Data under study:
· · · · · · ·

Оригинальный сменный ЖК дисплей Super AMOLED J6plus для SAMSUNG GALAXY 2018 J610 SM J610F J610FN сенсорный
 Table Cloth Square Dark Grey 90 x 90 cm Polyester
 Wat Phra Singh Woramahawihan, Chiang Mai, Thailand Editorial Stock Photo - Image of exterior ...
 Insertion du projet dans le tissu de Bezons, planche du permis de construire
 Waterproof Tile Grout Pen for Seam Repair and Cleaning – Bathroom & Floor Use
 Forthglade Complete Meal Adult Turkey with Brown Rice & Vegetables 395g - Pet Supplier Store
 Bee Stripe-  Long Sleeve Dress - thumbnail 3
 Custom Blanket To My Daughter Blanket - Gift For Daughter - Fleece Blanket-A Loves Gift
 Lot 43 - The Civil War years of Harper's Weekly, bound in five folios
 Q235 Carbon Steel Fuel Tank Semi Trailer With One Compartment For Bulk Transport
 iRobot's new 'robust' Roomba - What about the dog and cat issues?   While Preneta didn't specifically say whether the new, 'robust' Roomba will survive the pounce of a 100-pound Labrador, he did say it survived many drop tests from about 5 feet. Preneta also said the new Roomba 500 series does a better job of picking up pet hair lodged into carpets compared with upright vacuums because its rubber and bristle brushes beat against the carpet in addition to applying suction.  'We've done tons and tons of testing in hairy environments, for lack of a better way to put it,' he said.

· · · · · · ·

Assignment:
Your answer should consist solely of the lines from the one containing "Forthglade Complete Meal" through the last line of the listing, written out word for word.

Solution to this problem:
 Forthglade Complete Meal Adult Turkey with Brown Rice & Vegetables 395g - Pet Supplier Store
 Bee Stripe-  Long Sleeve Dress - thumbnail 3
 Custom Blanket To My Daughter Blanket - Gift For Daughter - Fleece Blanket-A Loves Gift
 Lot 43 - The Civil War years of Harper's Weekly, bound in five folios
 Q235 Carbon Steel Fuel Tank Semi Trailer With One Compartment For Bulk Transport
 iRobot's new 'robust' Roomba - What about the dog and cat issues?   While Preneta didn't specifically say whether the new, 'robust' Roomba will survive the pounce of a 100-pound Labrador, he did say it survived many drop tests from about 5 feet. Preneta also said the new Roomba 500 series does a better job of picking up pet hair lodged into carpets compared with upright vacuums because its rubber and bristle brushes beat against the carpet in addition to applying suction.  'We've done tons and tons of testing in hairy environments, for lack of a better way to put it,' he said.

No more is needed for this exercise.